Cath Bell has reviewed the success of a five year coastal project, called Implementing Limestone Coast and Coorong Action Plan, which ended in June this year.
“Through the life of the project, we (Natural Resources South East) have worked with South East councils including DC Robe to address various threats to coastal habitats, one of which was revegetating a total of 200 hectares of coastal areas and habitats, with sand dune areas being targeted in various locations according to need,” she said.
“All revegetation work used local plant species found naturally in those habitats, and weeds were often removed from those areas when practical.
“Coastal dune environments are fragile and susceptible to erosion when vegetation is disturbed or removed.
“Unmanaged access across dunes can lead to their destabilisation which is an issue for houses built behind the dunes.”
In the Robe area there has been planting along the upgraded coastal walking trail, from the Obelisk Lookout to West Beach.

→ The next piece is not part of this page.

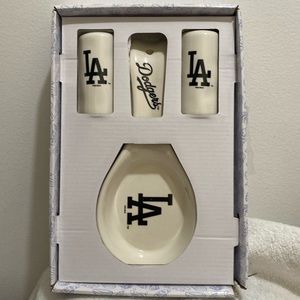 New Artisan Kitchen set Dodgers LA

Robe Coastcare volunteers helped to plant over 5000 plants in an effort to improve the aesthetics and stability of these fragile habitats.
“The trail is a fantastic community asset and we need to ensure the integrity of this area is maintained,” Cath said.
“Another area in Robe that has been rehabilitated through this project is the dune that runs between Fox’s Beach and the Esplanade.
“This dune was being seriously eroded by a multitude of ad hoc access trails occurring down to the beach.
“A fence was erected and foot traffic directed to common access areas and at least 1000 plants went in over the five year project with assistance from volunteers (Robe Coastcare and International Student Volunteers).
“There are also a small active groups of concerned residents opposite Town Beach who have been trying hard to restabilise the foredune with some success by revegetation, signage and matting.
“Our project had other larger key sites for rehabilitation in other council areas such as Blackford Drain, Lake Bonney and Kungari coastal dune crown land (north of Kingston Burial Grounds).”